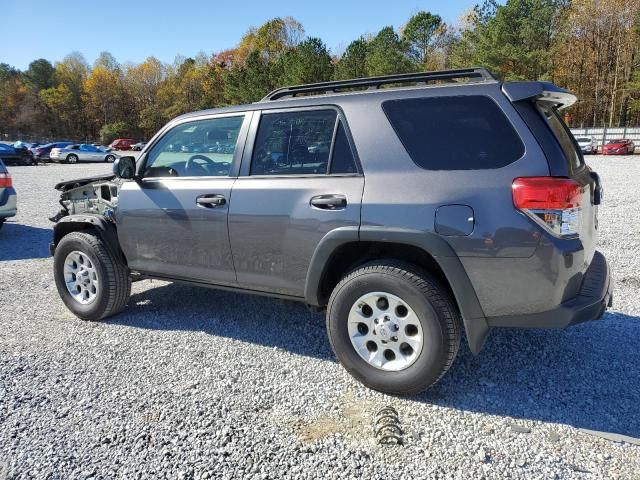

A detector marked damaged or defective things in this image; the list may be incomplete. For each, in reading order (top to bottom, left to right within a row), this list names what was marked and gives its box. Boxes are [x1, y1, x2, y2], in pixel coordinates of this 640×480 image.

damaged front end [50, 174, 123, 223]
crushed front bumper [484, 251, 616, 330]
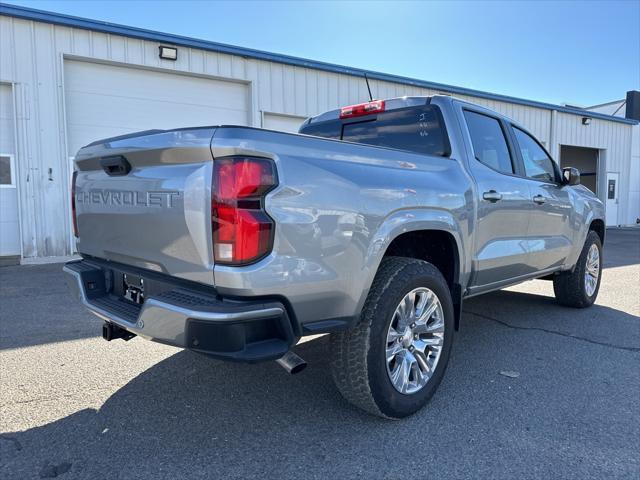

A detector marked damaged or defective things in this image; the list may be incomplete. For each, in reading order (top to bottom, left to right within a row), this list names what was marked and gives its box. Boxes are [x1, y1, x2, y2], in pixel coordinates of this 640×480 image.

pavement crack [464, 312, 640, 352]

▸ **What you have to do**
Copy out the listing word for word and skip its pictures.

▸ **Result of this exercise**
A detector marked damaged or defective things in this image; the list may be incomplete. For each, in reading order (top to bottom, left to right within a row), this list names what was marked and gives its box. Boxes are [x1, y1, x2, y2], in pixel coordinates of this 640×480 image.

damaged front end [50, 174, 123, 223]
crushed front bumper [484, 251, 616, 330]

A detector marked damaged or defective things in this image; the list may be incomplete. For each, in reading order (top to bottom, left to right within a row), this list names what was marked and gives its box. Boxes are [x1, y1, x2, y2], in pixel coordinates of this 640×480 image.

pavement crack [464, 312, 640, 352]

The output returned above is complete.